*Work task*
The word to look for is "Golf". Report every line of the entries below that has it.

*Material provided*

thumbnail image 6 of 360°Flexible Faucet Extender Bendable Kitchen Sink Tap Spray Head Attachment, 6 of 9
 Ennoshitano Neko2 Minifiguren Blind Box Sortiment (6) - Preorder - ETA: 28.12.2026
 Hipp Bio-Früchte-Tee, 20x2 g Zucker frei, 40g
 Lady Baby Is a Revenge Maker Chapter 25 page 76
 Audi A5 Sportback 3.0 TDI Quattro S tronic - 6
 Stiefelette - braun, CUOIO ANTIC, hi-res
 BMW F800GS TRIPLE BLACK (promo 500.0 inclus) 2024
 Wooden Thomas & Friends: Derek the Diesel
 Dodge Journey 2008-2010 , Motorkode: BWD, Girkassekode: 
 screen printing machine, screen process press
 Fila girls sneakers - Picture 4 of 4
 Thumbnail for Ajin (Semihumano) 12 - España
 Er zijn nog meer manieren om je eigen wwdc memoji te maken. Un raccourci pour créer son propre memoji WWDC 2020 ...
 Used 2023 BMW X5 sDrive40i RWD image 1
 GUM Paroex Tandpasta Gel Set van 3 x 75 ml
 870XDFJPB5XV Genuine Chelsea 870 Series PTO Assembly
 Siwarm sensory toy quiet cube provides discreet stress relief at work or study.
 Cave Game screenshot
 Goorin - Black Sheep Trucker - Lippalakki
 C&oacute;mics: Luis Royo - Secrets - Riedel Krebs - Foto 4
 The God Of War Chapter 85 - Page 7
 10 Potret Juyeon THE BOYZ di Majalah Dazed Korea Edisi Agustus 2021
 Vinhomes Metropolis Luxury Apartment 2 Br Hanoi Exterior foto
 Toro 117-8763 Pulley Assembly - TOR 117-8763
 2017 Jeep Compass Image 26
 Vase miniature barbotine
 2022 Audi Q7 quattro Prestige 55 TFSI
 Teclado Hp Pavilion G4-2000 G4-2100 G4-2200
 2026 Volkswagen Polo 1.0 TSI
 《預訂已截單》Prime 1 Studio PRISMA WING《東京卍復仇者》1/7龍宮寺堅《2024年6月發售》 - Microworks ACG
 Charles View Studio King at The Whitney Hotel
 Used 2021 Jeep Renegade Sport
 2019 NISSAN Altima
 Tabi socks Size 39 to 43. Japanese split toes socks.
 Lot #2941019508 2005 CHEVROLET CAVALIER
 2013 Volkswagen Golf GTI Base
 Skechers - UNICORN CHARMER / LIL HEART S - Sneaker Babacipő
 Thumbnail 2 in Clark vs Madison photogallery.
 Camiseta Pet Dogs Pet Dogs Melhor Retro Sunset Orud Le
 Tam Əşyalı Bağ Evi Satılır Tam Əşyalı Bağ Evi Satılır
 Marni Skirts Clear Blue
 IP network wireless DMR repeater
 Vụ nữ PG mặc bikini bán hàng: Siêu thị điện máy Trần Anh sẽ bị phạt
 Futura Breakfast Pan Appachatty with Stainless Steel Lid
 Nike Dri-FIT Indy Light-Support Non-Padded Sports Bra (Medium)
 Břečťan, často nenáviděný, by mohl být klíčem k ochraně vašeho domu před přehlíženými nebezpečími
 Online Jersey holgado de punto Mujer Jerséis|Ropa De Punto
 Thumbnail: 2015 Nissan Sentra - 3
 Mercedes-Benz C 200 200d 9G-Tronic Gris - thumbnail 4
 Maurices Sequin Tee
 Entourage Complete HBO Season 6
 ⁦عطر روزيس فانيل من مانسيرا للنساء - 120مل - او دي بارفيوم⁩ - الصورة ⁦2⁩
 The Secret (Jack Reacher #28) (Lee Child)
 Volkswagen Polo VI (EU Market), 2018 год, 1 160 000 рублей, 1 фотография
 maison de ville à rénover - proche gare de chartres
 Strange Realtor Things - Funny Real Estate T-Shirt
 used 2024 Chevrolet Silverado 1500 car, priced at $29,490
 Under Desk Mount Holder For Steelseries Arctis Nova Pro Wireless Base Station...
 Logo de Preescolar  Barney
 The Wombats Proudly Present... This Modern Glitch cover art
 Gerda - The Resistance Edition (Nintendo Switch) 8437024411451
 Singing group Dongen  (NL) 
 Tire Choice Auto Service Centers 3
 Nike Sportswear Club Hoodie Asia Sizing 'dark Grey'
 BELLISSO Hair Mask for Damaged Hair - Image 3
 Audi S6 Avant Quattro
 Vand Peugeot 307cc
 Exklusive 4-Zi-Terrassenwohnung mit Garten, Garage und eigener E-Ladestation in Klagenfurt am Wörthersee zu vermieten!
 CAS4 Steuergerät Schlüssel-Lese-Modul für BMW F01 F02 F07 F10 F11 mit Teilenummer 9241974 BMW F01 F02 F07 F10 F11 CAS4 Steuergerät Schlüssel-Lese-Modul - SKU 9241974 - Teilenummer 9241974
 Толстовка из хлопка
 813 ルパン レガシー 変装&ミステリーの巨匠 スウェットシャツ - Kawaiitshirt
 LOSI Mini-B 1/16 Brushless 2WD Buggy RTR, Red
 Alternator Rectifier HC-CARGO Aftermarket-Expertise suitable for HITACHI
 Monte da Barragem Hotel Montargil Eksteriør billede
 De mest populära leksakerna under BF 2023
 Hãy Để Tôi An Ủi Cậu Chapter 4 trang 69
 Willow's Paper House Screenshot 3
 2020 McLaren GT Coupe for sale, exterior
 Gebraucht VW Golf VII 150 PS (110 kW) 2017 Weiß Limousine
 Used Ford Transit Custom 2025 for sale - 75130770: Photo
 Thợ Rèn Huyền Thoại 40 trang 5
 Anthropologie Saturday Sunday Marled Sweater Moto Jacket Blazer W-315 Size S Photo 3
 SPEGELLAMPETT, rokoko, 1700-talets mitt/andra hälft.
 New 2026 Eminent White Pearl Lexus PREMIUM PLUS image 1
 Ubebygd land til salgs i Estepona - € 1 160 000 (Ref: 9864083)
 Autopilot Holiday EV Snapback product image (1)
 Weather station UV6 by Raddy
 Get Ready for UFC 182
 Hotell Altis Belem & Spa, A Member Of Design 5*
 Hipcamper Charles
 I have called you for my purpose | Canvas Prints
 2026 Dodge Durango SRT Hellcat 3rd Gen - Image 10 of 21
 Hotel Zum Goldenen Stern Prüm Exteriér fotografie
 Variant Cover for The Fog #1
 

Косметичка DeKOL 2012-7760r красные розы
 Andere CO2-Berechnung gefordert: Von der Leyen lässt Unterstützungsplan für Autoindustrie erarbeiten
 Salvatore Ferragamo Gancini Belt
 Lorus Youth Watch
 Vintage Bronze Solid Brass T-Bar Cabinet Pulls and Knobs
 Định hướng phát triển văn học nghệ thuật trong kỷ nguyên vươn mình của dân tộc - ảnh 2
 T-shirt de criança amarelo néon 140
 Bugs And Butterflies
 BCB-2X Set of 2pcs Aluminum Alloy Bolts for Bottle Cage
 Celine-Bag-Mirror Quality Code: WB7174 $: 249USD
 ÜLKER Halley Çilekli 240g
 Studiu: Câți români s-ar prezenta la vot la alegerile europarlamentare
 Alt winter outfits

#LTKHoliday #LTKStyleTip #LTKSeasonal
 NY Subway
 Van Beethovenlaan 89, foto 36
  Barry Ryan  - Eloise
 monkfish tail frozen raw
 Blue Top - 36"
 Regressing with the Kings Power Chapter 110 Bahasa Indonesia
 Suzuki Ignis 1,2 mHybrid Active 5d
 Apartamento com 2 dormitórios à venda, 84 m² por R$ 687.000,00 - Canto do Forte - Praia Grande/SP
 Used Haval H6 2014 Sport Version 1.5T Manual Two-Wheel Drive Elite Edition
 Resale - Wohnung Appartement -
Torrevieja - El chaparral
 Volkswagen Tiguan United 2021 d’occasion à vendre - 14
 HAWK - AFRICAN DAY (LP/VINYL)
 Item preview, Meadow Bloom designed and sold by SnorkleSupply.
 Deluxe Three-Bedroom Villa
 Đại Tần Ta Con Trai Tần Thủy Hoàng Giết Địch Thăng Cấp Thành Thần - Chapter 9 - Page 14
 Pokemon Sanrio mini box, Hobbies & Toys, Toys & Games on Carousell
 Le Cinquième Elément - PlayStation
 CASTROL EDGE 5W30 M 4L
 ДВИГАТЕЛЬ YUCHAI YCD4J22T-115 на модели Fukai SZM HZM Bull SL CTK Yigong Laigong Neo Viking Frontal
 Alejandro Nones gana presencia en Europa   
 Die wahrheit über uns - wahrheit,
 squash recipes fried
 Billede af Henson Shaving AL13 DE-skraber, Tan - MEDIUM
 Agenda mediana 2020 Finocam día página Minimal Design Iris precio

*Solution to this task*
 2013 Volkswagen Golf GTI Base
 Gebraucht VW Golf VII 150 PS (110 kW) 2017 Weiß Limousine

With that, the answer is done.